== Aim of the task ==
Starting at the first line of the data below, write out each line exactly until you reach the line containing "Workliving Haven Chaise", and include that line too.

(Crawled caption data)
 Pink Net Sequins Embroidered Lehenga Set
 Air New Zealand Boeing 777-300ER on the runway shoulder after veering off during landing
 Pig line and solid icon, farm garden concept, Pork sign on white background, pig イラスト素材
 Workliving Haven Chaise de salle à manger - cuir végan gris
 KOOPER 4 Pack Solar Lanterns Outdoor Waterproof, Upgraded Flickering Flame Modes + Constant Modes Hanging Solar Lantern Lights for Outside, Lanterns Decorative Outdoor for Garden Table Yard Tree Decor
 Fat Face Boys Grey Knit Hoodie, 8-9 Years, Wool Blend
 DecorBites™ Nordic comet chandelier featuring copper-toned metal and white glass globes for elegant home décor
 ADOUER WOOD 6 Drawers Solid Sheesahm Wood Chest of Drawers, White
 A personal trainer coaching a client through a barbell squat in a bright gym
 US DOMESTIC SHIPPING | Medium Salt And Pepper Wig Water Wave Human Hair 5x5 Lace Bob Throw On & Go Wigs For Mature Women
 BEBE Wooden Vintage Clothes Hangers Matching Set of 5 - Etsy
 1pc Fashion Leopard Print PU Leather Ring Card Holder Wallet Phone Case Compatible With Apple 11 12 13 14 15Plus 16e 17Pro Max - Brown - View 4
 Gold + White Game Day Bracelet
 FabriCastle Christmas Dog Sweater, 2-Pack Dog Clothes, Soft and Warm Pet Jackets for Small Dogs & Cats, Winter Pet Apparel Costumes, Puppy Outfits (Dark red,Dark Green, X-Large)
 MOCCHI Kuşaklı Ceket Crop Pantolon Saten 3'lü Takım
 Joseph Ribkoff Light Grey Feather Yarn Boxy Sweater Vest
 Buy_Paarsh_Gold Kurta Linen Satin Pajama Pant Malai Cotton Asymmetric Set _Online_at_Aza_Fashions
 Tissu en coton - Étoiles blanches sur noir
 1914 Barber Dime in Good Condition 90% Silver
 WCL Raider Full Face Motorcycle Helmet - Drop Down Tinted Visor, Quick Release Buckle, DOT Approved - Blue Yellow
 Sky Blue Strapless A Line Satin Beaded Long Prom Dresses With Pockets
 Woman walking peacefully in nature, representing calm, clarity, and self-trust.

== Result of the task ==
 Pink Net Sequins Embroidered Lehenga Set
 Air New Zealand Boeing 777-300ER on the runway shoulder after veering off during landing
 Pig line and solid icon, farm garden concept, Pork sign on white background, pig イラスト素材
 Workliving Haven Chaise de salle à manger - cuir végan gris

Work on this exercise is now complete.